EXCERPTED DATA ▸

=== Section Start ===

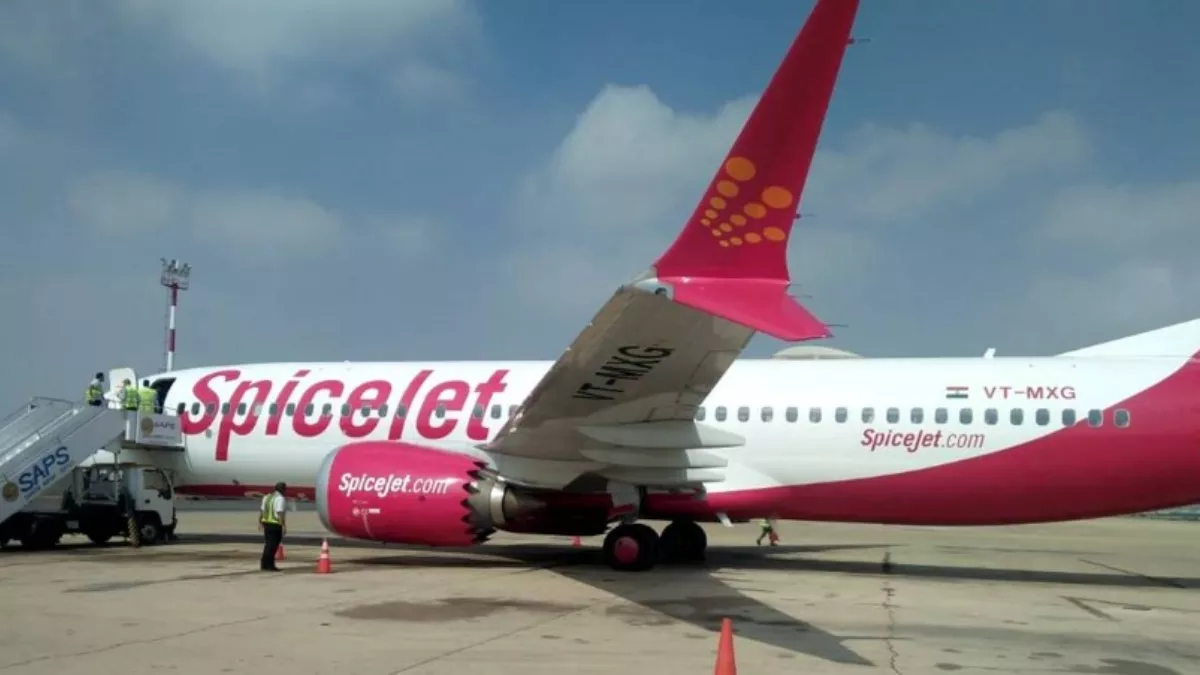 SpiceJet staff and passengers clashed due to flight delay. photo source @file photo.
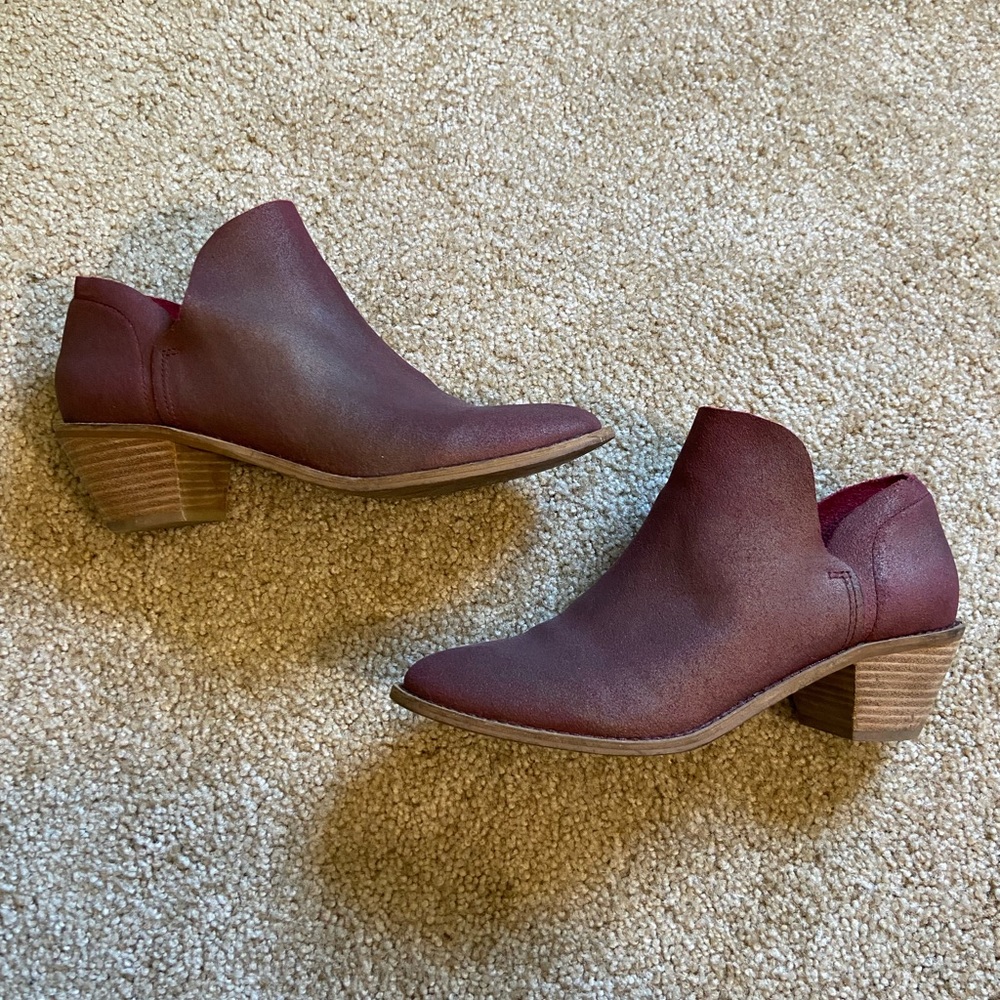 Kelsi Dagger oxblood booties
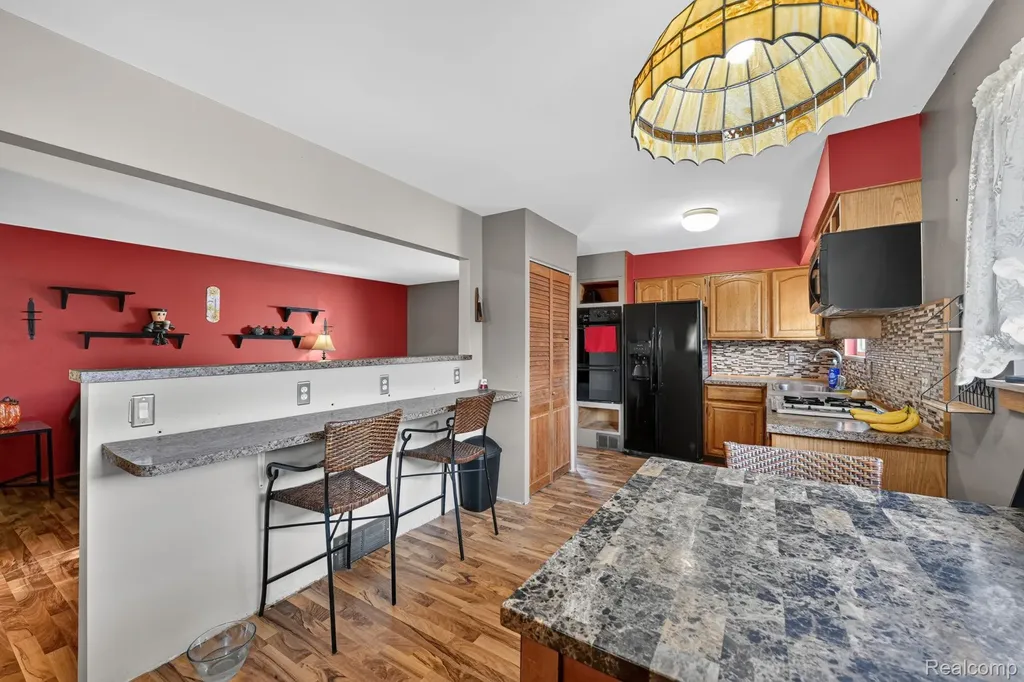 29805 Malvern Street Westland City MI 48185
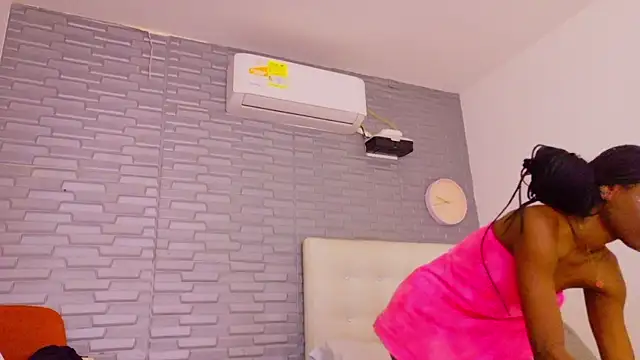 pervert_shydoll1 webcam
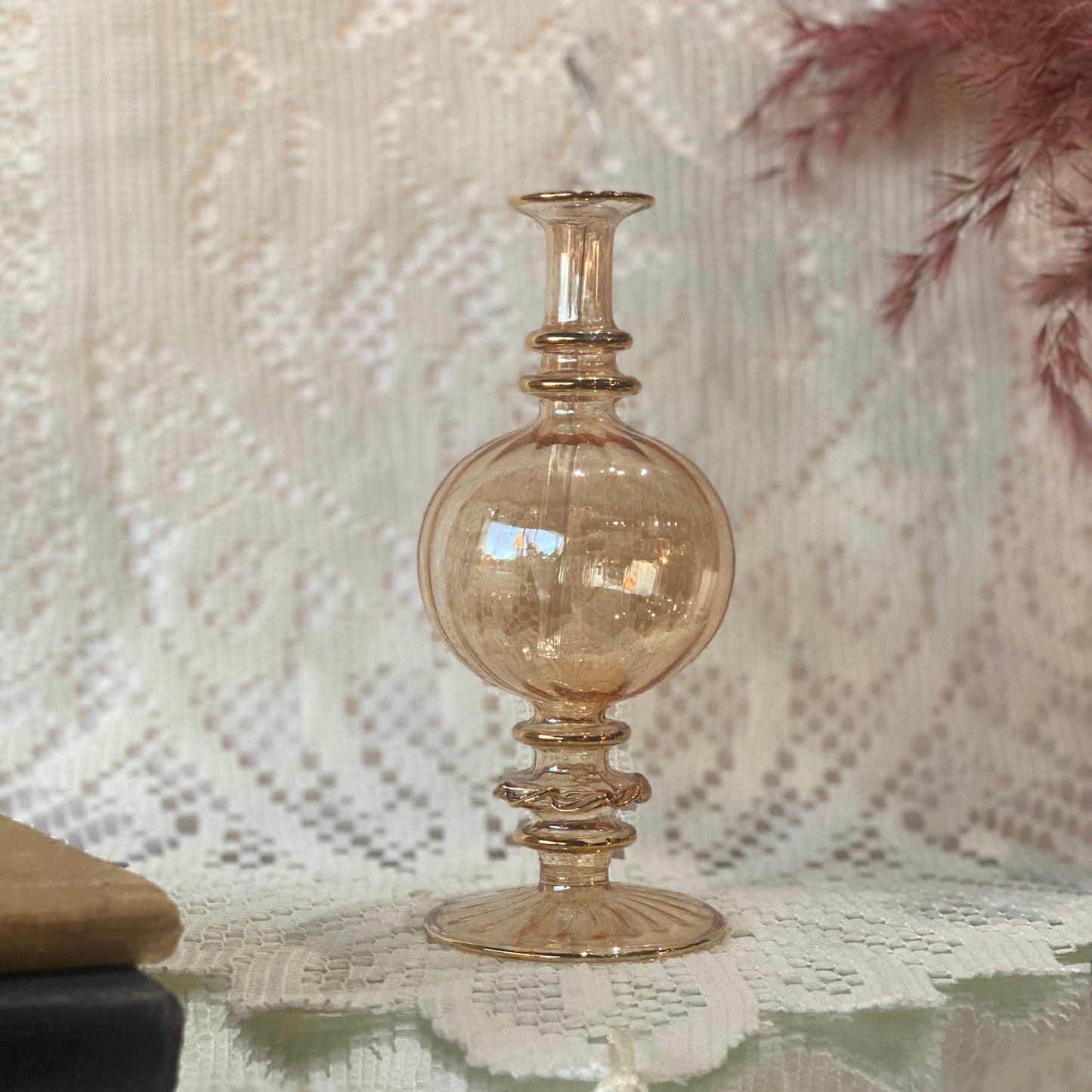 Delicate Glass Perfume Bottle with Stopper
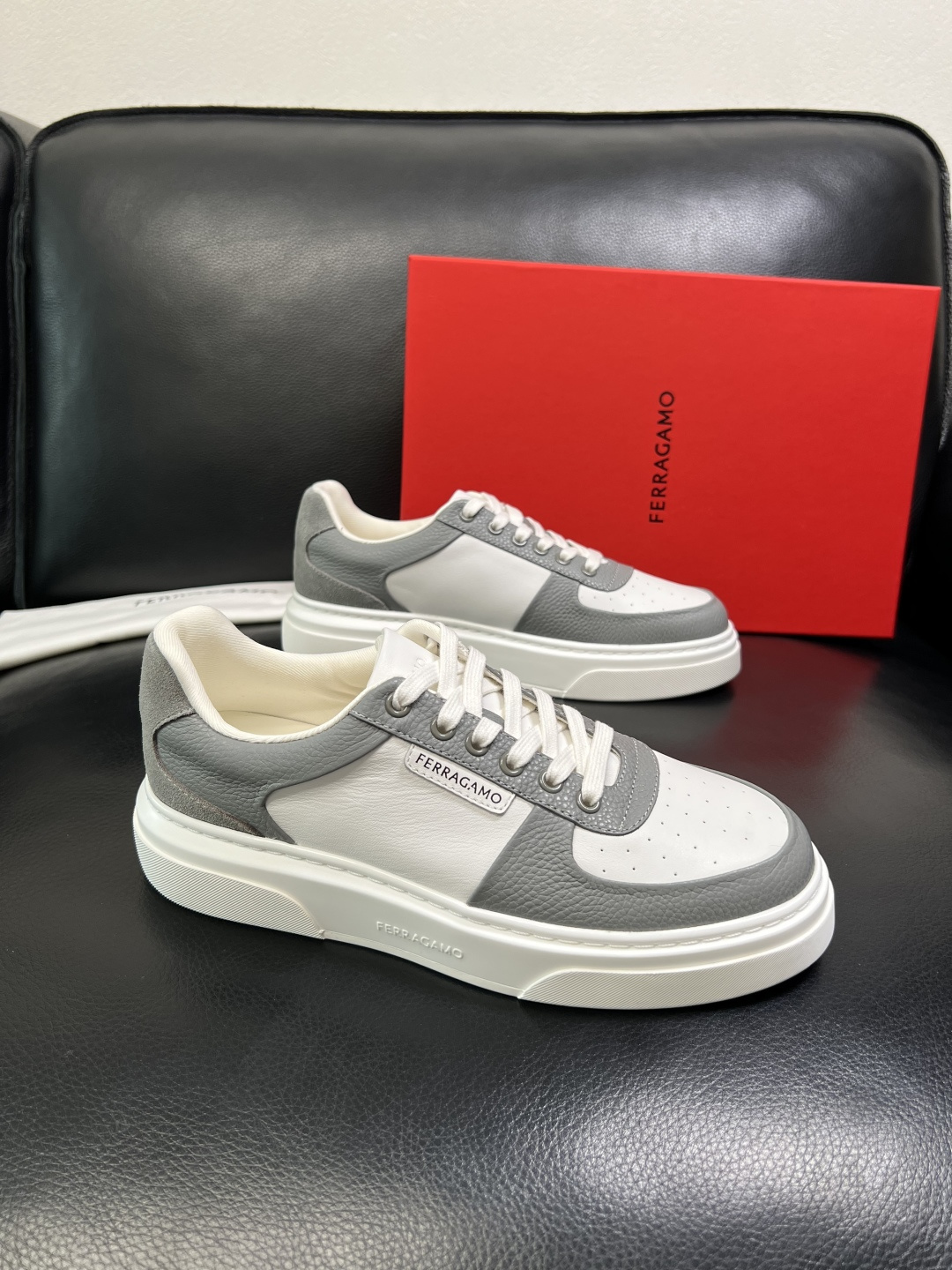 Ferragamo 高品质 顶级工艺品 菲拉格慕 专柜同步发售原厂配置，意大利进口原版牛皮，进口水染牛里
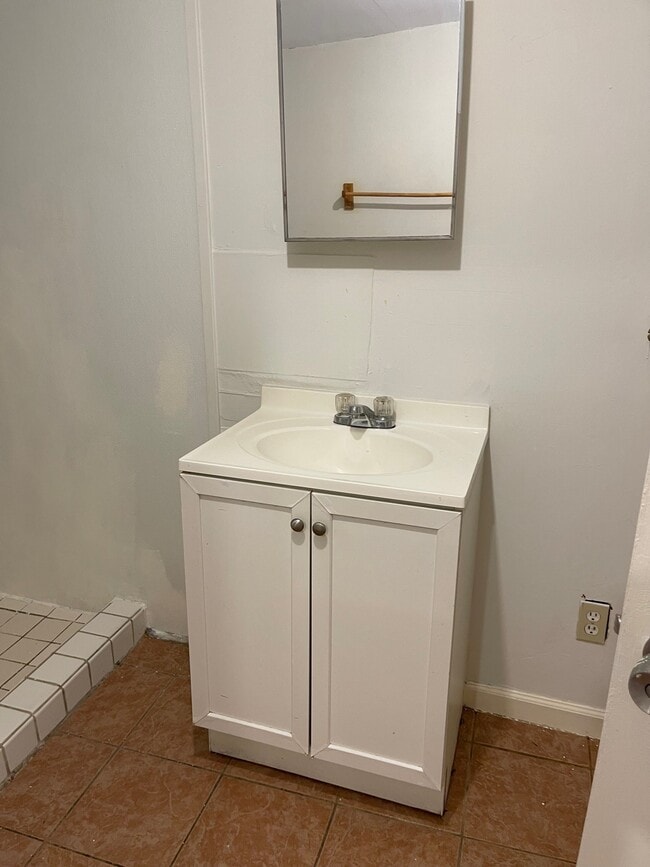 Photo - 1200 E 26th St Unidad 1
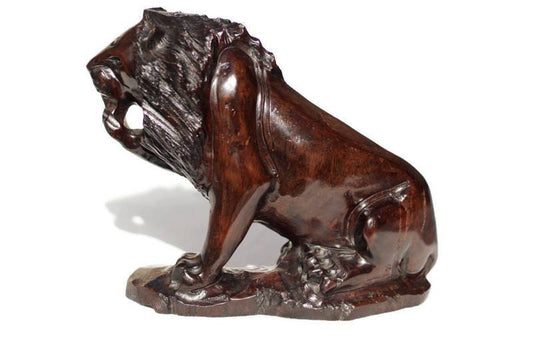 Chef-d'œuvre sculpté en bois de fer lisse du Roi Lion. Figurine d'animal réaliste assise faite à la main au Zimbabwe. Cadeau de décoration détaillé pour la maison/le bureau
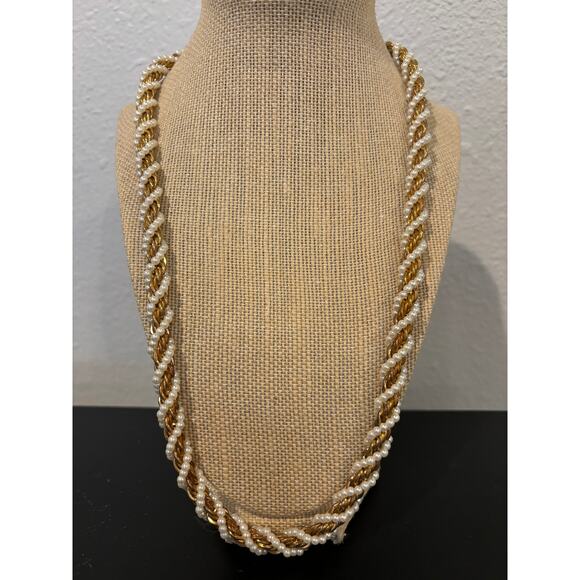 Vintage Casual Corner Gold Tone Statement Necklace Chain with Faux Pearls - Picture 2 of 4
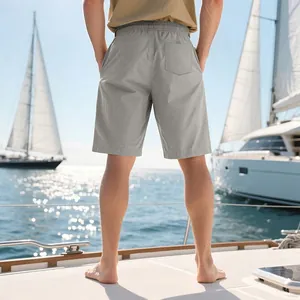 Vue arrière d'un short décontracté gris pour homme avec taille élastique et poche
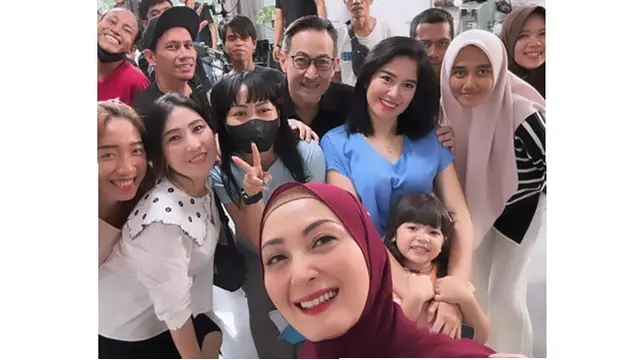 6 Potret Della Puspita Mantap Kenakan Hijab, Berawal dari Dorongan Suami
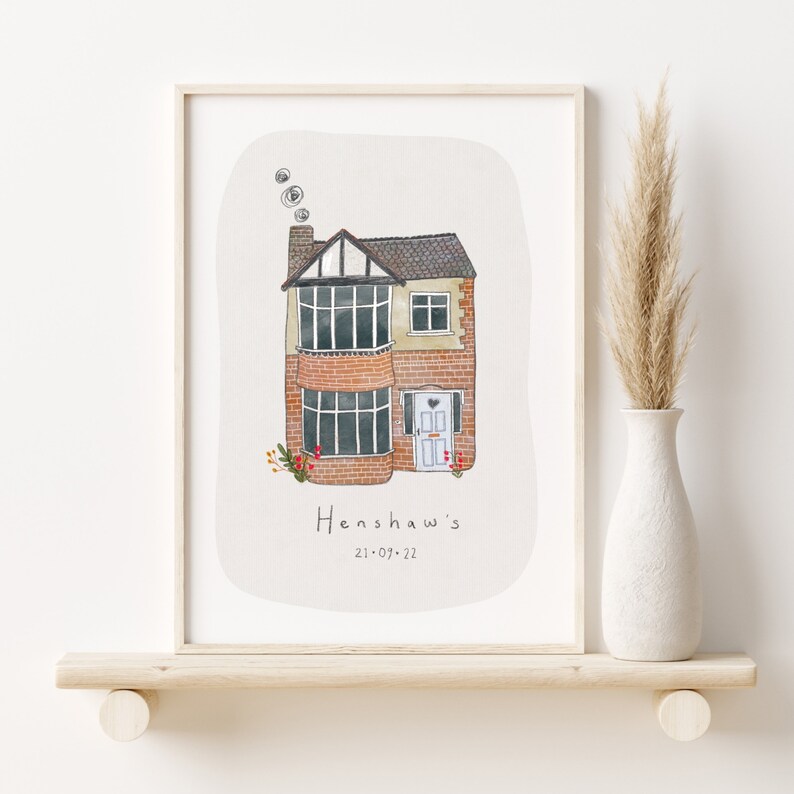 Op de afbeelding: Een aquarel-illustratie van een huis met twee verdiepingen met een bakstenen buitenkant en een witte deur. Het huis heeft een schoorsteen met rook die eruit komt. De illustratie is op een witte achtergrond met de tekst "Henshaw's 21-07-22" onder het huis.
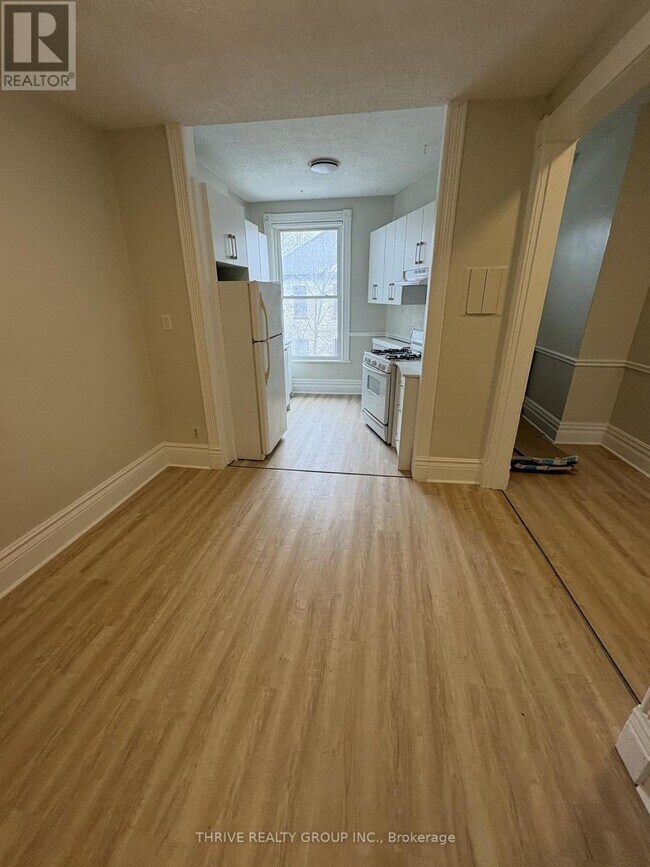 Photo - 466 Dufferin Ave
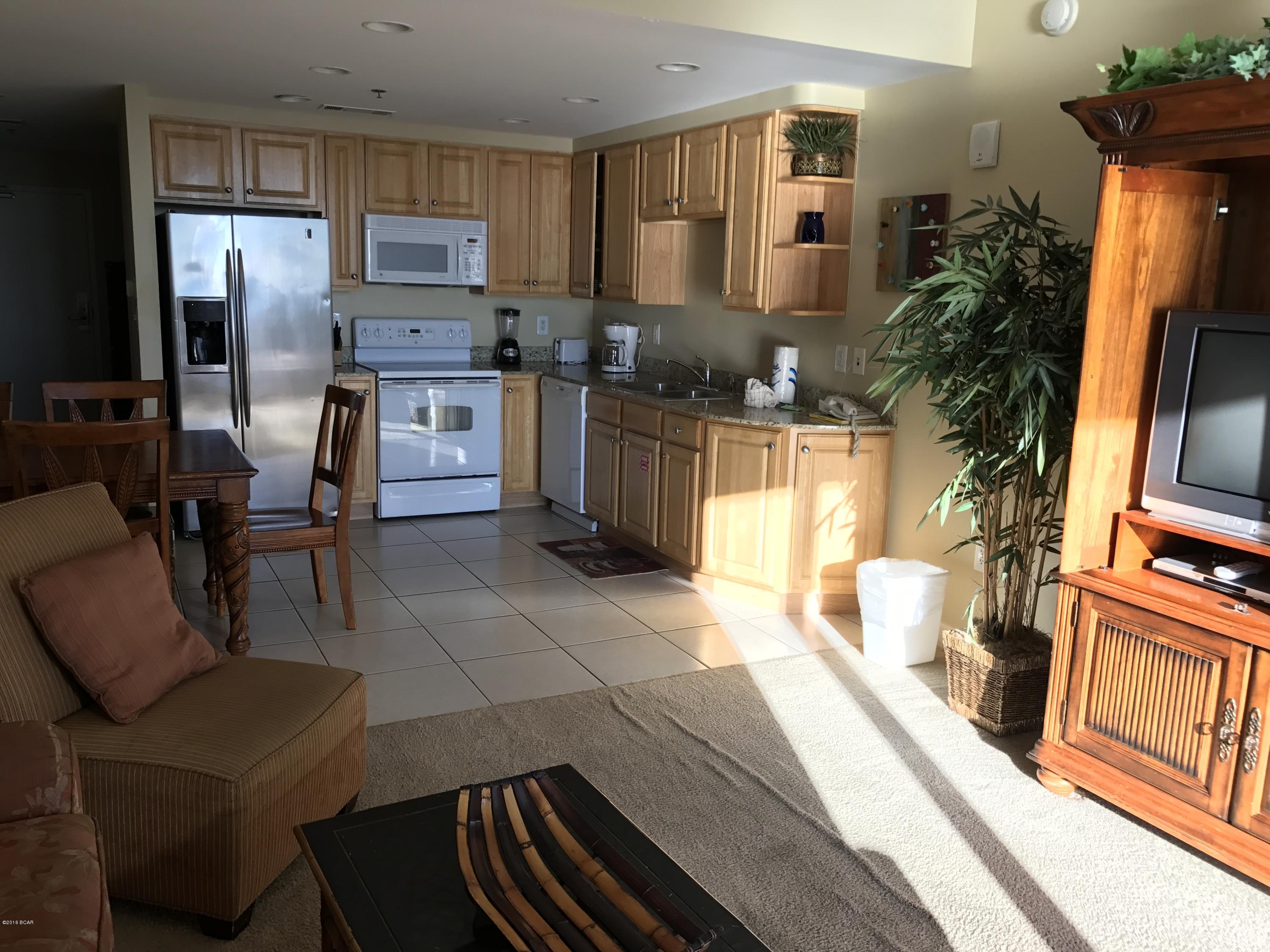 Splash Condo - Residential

=== Section End ===

ASSIGNMENT ▸ From the line containing "6 Potret Della" through the final line of the listing, copy every line exactly and nothing else. Skip the pictures.

ANSWER BOX ▸
 6 Potret Della Puspita Mantap Kenakan Hijab, Berawal dari Dorongan Suami
 Op de afbeelding: Een aquarel-illustratie van een huis met twee verdiepingen met een bakstenen buitenkant en een witte deur. Het huis heeft een schoorsteen met rook die eruit komt. De illustratie is op een witte achtergrond met de tekst "Henshaw's 21-07-22" onder het huis.
 Photo - 466 Dufferin Ave
 Splash Condo - Residential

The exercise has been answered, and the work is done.